In jeder Publikation, die sich mit Geopolitik befasst, einschließlich Geopolitical Futures, ist irgendwann von einem sogenannten Pufferstaat die Rede. Dabei handelt es sich um Länder, die zwischen Großmächten liegen und deren Schicksal es ist, Feindseligkeiten und mögliche Zusammenstöße zwischen größeren Rivalen zu verhindern. Pufferstaaten sind in der Regel entmilitarisiert, d.h. sie beherbergen nicht das Militär einer der rivalisierenden Mächte. Wenn eine Großmacht in einen Pufferstaat eindringt, bricht in der Regel ein Krieg mit einem der Rivalen aus.

Die lange Geschichte der Pufferstaaten

Pufferstaaten lassen sich bis zu den Anfängen der internationalen Beziehungen zurückverfolgen; einige der ersten wurden während der römisch-persischen Kriege (54 v.Chr.–628 n.Chr.) eingesetzt. Seitdem hat sich das Konzept natürlich weiterentwickelt und wurde schließlich zu einem wesentlichen Bestandteil der Theorie des Gleichgewichts der Kräfte, die die europäische Politik seit Beginn des 18. Jahrhunderts prägte.

Es überrascht nicht, dass Pufferstaaten einem erhöhten Risiko ausgesetzt sind, von umliegenden Mächten übernommen zu werden, die glauben, Autorität über den Pufferstaat ausüben zu müssen, weil anderenfalls ihr Rivale genau dies mit Sicherheit tun werde. Pufferstaaten als solche mögen für die Verhinderung von Kriegen wichtig sein – aber was, wenn überhaupt, haben sie zu gewinnen? Könnte ein Nicht-Pufferstaat, der einen Pufferstatus erhält, eine multilaterale Krise lösen?

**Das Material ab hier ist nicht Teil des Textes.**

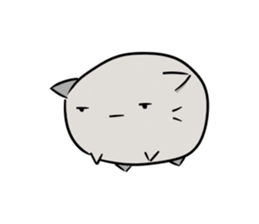 Hector the Cat sticker #3177396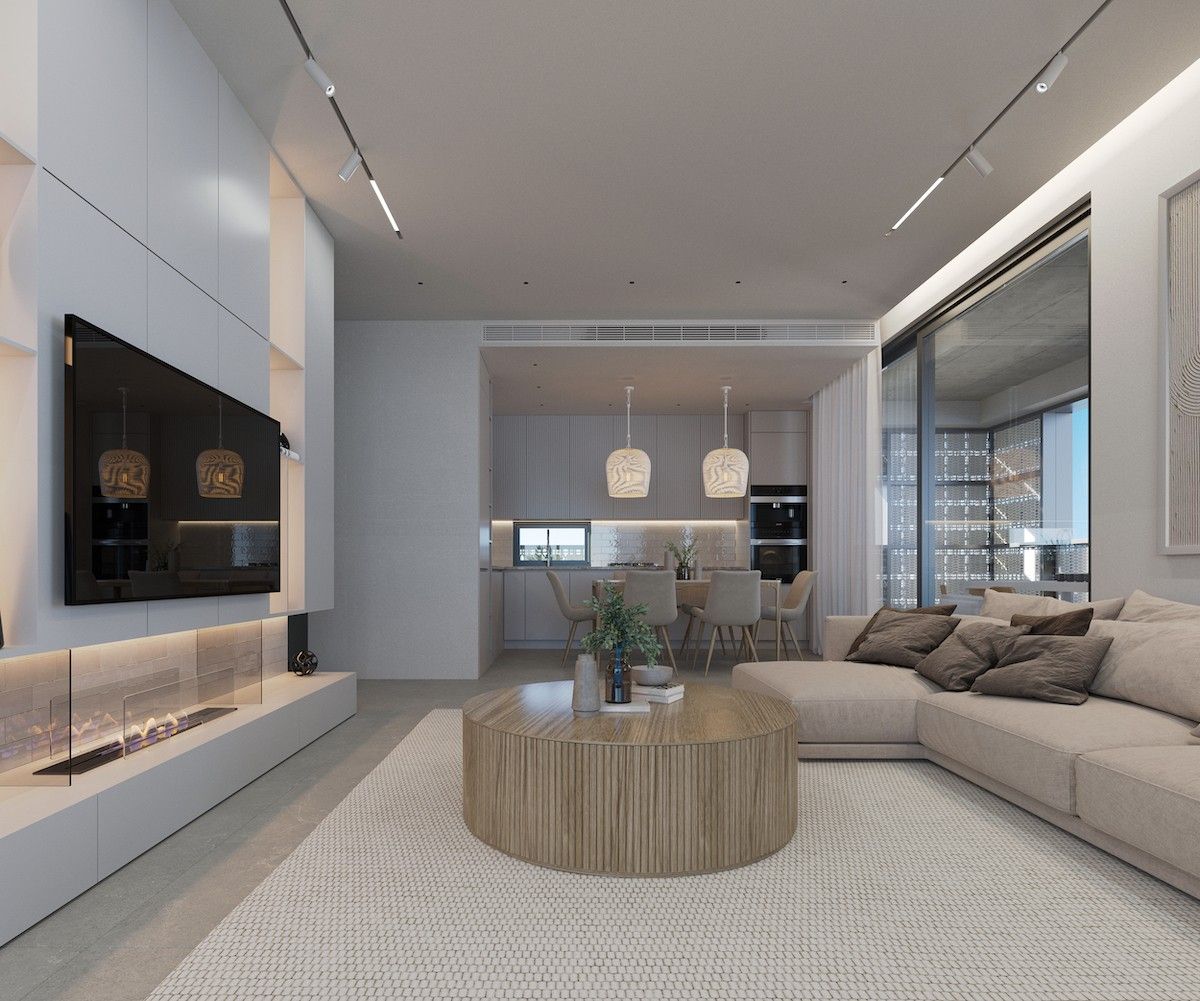 Апартаменты в Лимасоле, Кипр, 92 м² - фото 4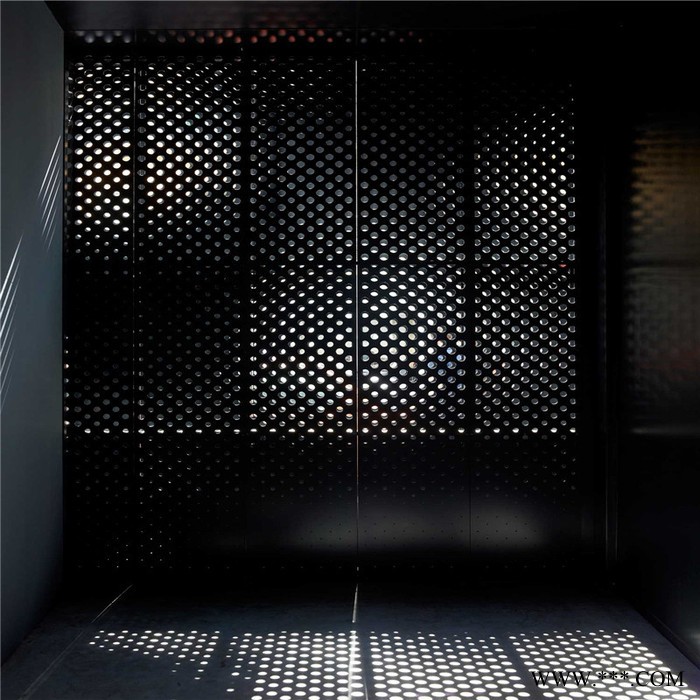 圆孔冲孔网材质 铝板冲孔网 食品加工托盘网图4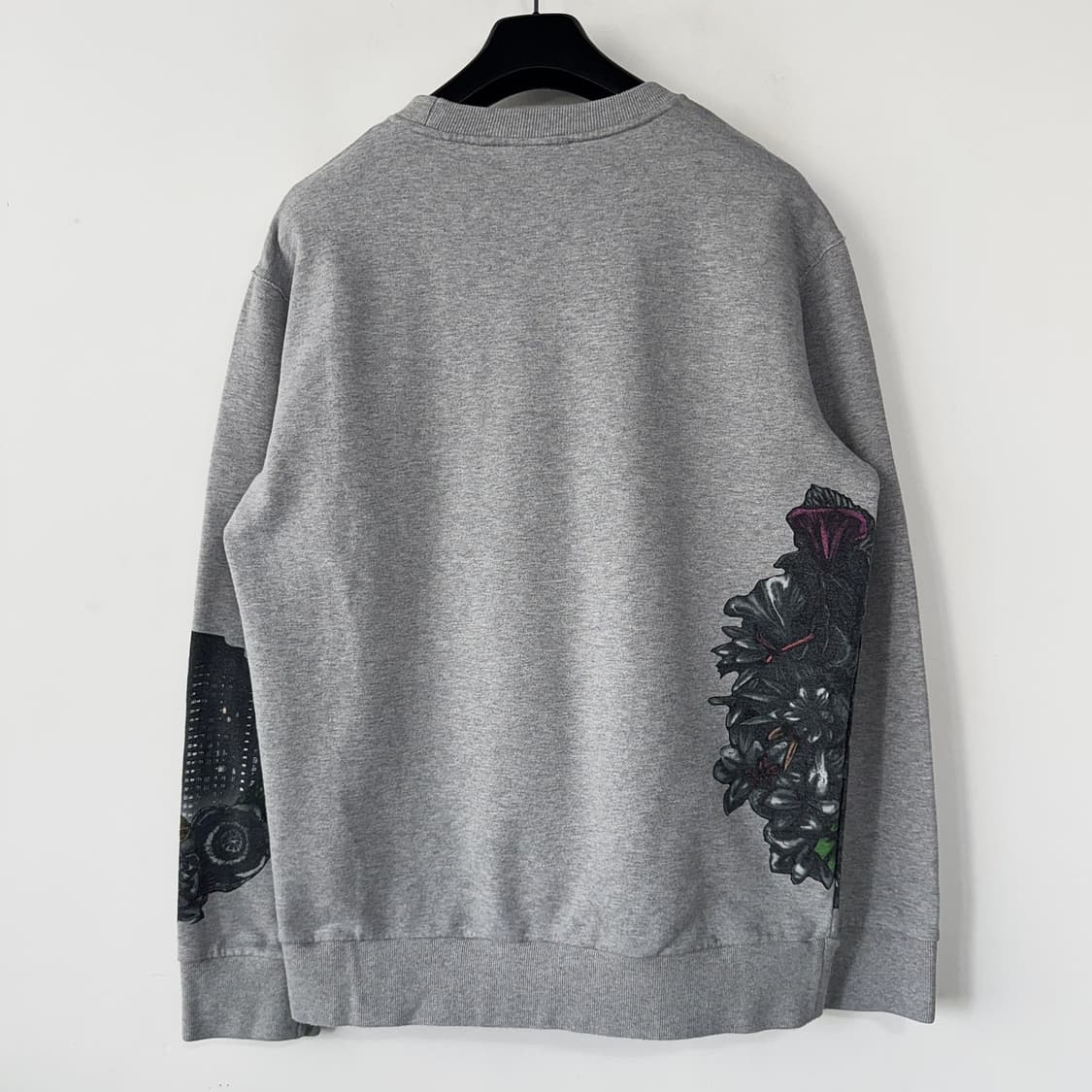 랑방 시티 그래픽 프린트 스웨트셔츠 XL 상품이미지5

Die letztgenannte Frage ist besonders wichtig im aktuellen Patt zwischen Russland und der Ukraine, einem prototypischen Pufferstaat, der schon immer zwischen Russland und dem Westen feststeckte. Geografisch gesehen hatte die Ukraine nie die Möglichkeit, neutral zu bleiben, so dass ihre politische Stellung und Stabilität schon immer prekär waren.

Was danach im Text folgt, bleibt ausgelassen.